Fitch Takes Various Rating Actions on SLM Student Loan Trust 2004-3 Notes
OREANDA-NEWS. Fitch Ratings has taken the following rating actions on the senior and subordinate notes issued by SLM Student Loan Trust series 2004-3 (SLM 2004-3):
--Class A-5 notes affirmed at 'AAAsf'; Outlook Stable;
--Class A-6A notes 'AAAsf'; Placed on Rating Watch Negative;
--Class A-6B notes 'AAAsf'; Rating Watch Negative maintained;
--Class B notes 'Asf'; Placed on Rating Watch Negative.

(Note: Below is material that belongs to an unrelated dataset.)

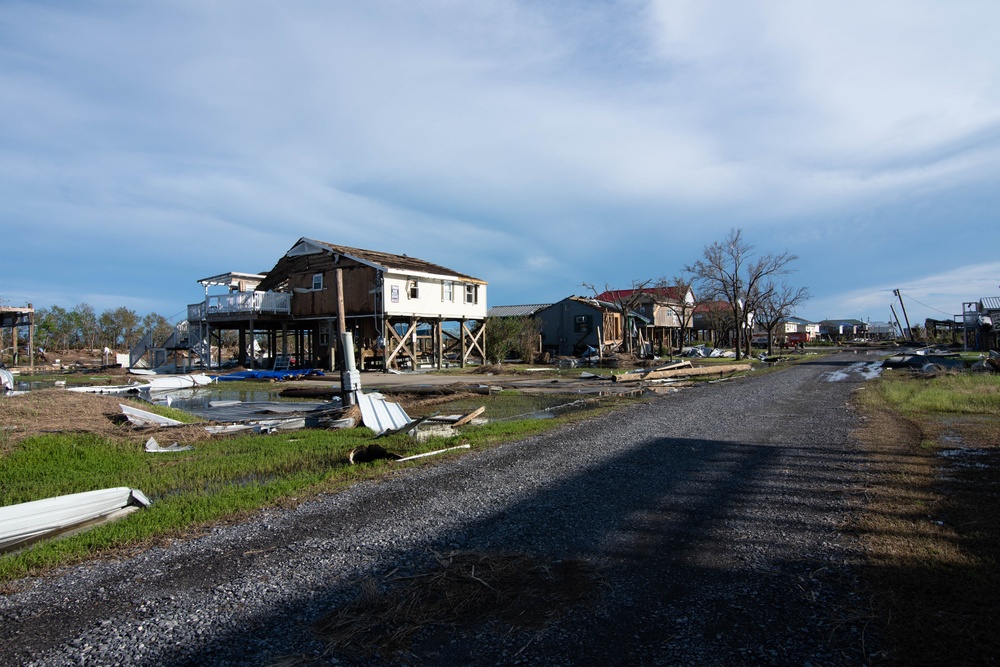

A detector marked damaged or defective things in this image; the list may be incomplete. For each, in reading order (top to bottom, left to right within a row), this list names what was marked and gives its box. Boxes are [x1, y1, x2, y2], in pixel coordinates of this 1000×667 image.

damaged house on stilts [187, 237, 488, 370]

The Rating Watch Negative action on the class A-6A, A-6B and B notes of the SLM 2004-3 trust is due to their inability to pass cash flow stresses necessary to maintain their current ratings of 'AAAsf' and 'Asf', respectively. On Dec. 4, 2015, Fitch released its exposure draft which delineates revisions it plans to make to the 'Rating U. S. Federal Family Education Loan Program Student Loan ABS Criteria', dated June 23, 2014. This transaction was reviewed under both the existing criteria and exposure draft. Fitch expects to resolve the Rating Watch Negative status once its revised FFELP criteria report is published.
KEY RATING DRIVERS
Collateral Quality: The trust collateral consists of 100% of Federal Family Education Loan Program (FFELP) loans. The credit quality of the trust collateral is high, in Fitch's opinion, based on the guarantees provided by the transaction's eligible guarantors and reinsurance provided by the U. S. Department of Education (ED) for at least 97% of principal and accrued interest. Fitch currently rates the U. S. 'AAA' with a Stable Outlook.

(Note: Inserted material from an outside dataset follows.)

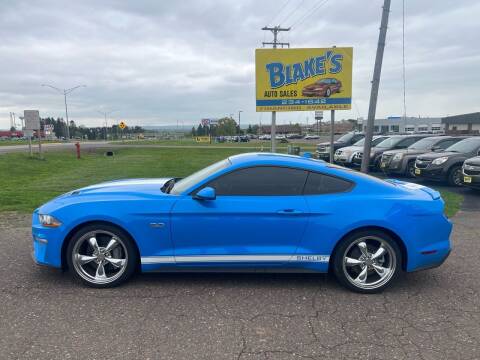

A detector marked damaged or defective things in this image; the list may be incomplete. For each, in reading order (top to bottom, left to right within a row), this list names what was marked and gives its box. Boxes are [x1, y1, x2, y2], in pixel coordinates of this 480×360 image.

cracked pavement [0, 190, 480, 358]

Credit Enhancement: Credit enhancement (CE) is provided by overcollateralization (OC; the excess of trust's asset balance over bond balance), excess spread, and for the senior notes, subordination provided by the subordinate notes. As of March 2016, senior and subordinate parities are 104.78% (4.56% CE) and 100.00% respectively. The trust may release cash as long as the total parity of 100.0% is maintained.
Liquidity Support: Liquidity support is provided by a debt service reserve fund sized at the greater of 0.25% of the pool balance and $4,509,772. As of March 2016, the debt service reserve fund is sized at $4,509,772.

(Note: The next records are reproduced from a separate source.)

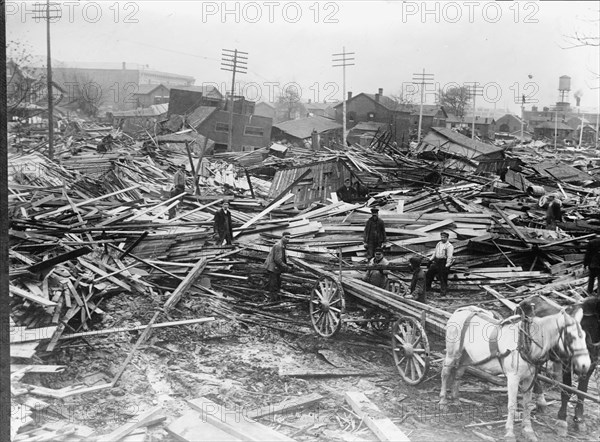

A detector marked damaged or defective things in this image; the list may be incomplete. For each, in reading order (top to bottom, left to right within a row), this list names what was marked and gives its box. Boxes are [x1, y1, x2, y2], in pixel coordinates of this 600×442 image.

splintered lumber [232, 192, 296, 237]
splintered lumber [164, 256, 209, 310]
broken wooden plank [164, 256, 209, 310]
splintered lumber [58, 316, 216, 340]
splintered lumber [96, 406, 166, 440]
splintered lumber [166, 410, 241, 442]
splintered lumber [185, 398, 292, 440]
broken wooden plank [185, 398, 292, 442]
splintered lumber [246, 394, 326, 418]
splintered lumber [344, 390, 410, 442]
broken wooden plank [344, 392, 410, 440]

Servicing Capabilities: Navient Solutions, Inc. (formerly, Sallie Mae, Inc.) will be responsible for the day to day servicing of the portfolio. Fitch believes Navient Solutions to be an acceptable servicer of FFELP student loans.
In certain LIBOR-down interest rate stress scenarios the basis spread may be compressed, as Fitch would apply a floor to
1-month LIBOR at a negative rate level in accordance with Fitch's "Criteria for Interest Rate Stresses in Structured Finance Transactions and Covered Bonds" dated May 2016. Since the updated interest rate stresses are not addressed yet in existing FFELP criteria, this represents a criteria variation. Use of the criteria variation did not have a measurable impact upon the ratings assigned.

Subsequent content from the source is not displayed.